- Opening Delimiter -
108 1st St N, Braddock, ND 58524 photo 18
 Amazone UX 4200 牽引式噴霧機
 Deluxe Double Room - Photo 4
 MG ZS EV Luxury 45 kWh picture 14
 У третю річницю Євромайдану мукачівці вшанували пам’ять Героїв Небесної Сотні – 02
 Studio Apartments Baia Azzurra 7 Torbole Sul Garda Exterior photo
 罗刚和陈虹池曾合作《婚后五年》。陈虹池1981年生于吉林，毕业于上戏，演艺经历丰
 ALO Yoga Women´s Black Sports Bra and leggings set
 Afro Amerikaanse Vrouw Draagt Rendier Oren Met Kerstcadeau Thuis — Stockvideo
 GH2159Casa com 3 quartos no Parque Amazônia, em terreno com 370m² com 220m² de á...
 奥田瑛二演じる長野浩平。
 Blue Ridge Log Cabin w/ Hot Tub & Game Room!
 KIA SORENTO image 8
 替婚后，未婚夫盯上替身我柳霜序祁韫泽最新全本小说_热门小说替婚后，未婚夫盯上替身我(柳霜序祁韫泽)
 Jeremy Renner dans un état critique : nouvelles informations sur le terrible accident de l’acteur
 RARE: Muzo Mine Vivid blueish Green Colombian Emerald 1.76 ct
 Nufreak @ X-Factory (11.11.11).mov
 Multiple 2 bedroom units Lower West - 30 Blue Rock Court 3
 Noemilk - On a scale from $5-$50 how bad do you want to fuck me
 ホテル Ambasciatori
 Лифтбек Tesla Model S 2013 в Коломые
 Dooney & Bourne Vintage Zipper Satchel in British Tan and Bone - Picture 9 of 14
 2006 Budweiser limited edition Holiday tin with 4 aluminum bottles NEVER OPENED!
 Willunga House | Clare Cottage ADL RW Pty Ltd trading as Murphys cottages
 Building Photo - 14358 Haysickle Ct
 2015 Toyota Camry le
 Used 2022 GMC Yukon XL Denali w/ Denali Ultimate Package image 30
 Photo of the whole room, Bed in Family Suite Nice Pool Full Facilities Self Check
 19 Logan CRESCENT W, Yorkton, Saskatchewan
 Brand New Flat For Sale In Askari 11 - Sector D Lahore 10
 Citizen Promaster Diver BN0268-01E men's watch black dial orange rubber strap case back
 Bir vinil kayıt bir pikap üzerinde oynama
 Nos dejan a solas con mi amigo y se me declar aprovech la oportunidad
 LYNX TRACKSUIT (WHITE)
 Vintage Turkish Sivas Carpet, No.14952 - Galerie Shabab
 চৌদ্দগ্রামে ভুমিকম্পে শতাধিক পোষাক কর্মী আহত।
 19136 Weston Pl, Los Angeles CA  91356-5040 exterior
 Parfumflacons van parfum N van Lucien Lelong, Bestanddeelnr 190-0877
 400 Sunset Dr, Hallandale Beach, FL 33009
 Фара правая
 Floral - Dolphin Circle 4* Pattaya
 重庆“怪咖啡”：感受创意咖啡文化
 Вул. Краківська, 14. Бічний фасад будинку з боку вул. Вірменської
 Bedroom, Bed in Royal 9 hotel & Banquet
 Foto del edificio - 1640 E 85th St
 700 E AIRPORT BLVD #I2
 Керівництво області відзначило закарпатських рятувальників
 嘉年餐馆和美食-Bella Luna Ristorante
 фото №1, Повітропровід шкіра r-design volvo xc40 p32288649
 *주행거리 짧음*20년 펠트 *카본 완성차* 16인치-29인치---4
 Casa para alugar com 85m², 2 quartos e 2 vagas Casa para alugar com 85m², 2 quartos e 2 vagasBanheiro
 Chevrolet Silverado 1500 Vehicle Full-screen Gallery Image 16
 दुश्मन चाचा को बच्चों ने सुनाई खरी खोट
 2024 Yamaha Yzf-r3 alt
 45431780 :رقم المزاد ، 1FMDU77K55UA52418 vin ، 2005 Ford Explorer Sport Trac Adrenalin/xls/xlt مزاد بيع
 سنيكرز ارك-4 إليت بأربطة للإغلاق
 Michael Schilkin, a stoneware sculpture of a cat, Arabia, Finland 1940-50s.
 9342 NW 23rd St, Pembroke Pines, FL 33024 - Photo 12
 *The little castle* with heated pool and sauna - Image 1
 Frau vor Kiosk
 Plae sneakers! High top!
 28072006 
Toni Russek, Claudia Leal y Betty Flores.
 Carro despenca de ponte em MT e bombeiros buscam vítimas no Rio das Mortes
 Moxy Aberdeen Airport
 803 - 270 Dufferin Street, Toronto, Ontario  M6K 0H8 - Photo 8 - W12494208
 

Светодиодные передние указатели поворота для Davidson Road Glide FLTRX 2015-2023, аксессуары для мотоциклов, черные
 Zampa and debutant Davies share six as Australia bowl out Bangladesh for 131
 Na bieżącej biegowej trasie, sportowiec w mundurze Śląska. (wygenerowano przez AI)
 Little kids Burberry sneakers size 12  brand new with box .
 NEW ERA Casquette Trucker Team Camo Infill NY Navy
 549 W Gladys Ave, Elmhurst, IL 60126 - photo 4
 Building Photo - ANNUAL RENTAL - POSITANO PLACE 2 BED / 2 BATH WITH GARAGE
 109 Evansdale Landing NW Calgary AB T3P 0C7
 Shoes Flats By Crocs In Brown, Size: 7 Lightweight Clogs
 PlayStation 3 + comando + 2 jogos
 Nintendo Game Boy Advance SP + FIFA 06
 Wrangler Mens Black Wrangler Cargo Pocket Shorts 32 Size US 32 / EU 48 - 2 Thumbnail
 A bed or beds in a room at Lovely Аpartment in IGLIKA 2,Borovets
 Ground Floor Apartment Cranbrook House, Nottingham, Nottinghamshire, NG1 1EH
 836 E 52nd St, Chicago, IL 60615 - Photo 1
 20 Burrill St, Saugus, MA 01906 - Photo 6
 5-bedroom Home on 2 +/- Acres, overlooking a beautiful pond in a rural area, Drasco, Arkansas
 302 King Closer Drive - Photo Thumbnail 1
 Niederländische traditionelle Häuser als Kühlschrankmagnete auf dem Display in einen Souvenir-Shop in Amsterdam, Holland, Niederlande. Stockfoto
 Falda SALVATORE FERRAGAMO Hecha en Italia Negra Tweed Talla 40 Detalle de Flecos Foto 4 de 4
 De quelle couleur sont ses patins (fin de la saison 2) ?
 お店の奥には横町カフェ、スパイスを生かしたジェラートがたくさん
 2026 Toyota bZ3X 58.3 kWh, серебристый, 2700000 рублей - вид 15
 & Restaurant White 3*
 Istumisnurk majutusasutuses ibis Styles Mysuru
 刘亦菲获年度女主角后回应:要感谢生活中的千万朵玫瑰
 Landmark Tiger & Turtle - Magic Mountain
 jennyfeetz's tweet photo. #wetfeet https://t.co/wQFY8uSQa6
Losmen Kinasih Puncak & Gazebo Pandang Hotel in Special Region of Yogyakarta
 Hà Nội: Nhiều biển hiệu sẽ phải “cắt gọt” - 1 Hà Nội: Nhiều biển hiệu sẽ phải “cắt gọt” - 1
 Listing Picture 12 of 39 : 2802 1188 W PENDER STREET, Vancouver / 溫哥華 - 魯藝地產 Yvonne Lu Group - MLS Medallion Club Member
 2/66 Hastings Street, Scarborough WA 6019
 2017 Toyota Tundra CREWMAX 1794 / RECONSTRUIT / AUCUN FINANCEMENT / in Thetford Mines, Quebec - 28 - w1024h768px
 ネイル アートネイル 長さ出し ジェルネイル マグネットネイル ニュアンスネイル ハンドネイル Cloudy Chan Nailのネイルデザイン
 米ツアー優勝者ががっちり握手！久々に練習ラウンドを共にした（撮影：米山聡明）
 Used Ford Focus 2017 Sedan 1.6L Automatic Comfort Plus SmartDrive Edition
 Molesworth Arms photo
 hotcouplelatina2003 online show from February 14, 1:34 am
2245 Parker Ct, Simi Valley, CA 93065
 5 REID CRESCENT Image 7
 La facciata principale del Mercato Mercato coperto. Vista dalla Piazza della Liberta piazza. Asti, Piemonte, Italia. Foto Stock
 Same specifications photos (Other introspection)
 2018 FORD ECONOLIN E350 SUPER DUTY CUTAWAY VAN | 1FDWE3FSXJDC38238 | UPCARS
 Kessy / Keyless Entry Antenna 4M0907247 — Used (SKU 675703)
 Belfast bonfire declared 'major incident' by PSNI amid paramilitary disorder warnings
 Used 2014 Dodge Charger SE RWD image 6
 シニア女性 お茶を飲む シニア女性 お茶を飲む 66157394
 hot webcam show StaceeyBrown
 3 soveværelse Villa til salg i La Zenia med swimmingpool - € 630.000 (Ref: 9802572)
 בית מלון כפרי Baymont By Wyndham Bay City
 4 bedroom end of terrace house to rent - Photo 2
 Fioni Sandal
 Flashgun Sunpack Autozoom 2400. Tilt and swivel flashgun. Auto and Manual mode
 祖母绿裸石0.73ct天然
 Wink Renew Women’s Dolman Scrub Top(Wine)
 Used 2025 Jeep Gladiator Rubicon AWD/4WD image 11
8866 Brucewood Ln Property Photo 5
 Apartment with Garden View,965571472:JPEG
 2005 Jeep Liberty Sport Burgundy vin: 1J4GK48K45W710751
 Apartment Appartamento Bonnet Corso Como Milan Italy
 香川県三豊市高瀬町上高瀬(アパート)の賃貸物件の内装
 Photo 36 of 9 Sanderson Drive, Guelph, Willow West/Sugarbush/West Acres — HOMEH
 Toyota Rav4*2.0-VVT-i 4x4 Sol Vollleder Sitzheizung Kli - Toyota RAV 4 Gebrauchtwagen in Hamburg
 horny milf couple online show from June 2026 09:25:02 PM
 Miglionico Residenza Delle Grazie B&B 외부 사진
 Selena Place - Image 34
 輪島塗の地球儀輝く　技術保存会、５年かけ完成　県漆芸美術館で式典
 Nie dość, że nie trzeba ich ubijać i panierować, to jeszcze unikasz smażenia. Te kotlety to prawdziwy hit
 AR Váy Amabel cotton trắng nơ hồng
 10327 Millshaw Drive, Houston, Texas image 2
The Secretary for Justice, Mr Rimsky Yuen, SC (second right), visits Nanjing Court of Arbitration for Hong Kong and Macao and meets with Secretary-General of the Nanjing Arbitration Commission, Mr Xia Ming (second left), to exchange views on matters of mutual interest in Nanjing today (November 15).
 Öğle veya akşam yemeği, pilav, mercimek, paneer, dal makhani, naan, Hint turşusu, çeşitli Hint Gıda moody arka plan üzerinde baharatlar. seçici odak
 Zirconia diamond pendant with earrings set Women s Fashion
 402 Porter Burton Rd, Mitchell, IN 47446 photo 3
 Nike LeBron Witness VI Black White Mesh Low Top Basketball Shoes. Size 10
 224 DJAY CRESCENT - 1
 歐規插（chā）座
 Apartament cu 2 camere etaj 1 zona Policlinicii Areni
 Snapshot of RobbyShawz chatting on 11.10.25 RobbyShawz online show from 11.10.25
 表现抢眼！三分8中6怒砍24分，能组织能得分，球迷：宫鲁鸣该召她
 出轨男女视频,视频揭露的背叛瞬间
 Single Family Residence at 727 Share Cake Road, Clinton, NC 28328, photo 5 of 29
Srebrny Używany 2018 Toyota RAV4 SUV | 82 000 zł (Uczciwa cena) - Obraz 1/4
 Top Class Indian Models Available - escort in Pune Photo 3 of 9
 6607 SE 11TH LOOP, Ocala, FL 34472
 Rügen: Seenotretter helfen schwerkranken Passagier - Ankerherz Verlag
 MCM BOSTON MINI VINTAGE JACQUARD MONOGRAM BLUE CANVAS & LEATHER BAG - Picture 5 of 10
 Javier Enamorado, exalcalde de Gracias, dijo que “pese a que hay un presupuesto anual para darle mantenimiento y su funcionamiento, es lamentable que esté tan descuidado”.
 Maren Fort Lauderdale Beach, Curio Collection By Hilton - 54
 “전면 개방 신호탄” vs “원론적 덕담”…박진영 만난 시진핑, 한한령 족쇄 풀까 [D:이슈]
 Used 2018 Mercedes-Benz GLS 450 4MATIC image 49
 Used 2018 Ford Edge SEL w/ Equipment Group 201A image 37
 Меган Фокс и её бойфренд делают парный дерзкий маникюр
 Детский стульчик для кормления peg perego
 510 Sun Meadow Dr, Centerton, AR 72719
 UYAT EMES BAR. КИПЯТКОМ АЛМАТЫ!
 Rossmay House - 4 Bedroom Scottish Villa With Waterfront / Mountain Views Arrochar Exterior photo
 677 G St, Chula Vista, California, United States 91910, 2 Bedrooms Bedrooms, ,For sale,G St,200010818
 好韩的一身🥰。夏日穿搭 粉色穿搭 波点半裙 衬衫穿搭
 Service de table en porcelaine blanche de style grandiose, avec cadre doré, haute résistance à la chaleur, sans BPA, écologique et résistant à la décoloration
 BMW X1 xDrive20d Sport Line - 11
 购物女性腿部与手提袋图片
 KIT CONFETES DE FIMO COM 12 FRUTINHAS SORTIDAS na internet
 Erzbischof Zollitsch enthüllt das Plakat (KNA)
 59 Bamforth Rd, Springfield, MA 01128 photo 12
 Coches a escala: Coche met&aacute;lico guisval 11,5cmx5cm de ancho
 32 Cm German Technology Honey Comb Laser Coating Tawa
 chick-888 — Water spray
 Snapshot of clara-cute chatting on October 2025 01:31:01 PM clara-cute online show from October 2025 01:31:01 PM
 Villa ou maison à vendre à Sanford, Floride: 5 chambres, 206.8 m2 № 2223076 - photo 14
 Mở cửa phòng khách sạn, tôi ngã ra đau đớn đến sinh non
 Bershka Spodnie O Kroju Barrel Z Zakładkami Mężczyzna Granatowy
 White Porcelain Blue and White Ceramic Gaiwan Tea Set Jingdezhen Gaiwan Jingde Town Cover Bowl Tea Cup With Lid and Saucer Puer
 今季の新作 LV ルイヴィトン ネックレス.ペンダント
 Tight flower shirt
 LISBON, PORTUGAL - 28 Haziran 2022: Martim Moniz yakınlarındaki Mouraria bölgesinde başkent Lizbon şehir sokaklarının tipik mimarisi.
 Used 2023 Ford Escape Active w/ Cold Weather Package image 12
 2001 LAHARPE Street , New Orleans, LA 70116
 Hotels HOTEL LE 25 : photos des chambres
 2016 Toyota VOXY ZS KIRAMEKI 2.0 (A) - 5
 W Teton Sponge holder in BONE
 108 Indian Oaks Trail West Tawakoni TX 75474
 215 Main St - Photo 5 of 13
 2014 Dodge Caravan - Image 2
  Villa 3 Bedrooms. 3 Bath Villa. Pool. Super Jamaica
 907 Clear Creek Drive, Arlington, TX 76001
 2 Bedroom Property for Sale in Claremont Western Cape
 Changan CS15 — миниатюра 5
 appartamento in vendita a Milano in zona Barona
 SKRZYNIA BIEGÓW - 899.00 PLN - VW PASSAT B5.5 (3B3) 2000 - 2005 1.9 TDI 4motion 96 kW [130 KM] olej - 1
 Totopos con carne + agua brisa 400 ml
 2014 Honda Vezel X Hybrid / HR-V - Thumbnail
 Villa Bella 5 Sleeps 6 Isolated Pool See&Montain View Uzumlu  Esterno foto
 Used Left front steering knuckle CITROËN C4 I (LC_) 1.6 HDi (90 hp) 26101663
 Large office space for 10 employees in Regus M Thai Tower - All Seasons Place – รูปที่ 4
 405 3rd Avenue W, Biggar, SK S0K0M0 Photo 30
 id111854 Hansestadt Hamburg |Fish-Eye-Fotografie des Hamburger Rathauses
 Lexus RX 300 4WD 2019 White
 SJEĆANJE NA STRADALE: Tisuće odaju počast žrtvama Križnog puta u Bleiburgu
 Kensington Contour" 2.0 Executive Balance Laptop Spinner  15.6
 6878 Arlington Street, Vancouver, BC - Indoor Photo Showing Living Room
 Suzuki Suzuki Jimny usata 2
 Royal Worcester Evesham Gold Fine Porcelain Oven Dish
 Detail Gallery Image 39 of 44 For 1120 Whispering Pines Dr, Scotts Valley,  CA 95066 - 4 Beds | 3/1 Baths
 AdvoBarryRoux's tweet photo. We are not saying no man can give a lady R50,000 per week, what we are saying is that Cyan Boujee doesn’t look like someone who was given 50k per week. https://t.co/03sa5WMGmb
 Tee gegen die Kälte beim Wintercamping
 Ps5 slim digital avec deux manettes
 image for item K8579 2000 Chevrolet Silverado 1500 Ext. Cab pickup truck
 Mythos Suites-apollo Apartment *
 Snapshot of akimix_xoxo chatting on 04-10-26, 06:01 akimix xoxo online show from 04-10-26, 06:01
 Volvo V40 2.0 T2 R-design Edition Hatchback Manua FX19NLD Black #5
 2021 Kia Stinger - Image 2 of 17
- Closing Delimiter -
WORK REQUIRED » Quote exactly the lines running from the start of the listing above through the line where "罗刚和陈虹池曾合作《婚后五年" is found, and output no other lines.

RESPONSE AREA »
108 1st St N, Braddock, ND 58524 photo 18
 Amazone UX 4200 牽引式噴霧機
 Deluxe Double Room - Photo 4
 MG ZS EV Luxury 45 kWh picture 14
 У третю річницю Євромайдану мукачівці вшанували пам’ять Героїв Небесної Сотні – 02
 Studio Apartments Baia Azzurra 7 Torbole Sul Garda Exterior photo
 罗刚和陈虹池曾合作《婚后五年》。陈虹池1981年生于吉林，毕业于上戏，演艺经历丰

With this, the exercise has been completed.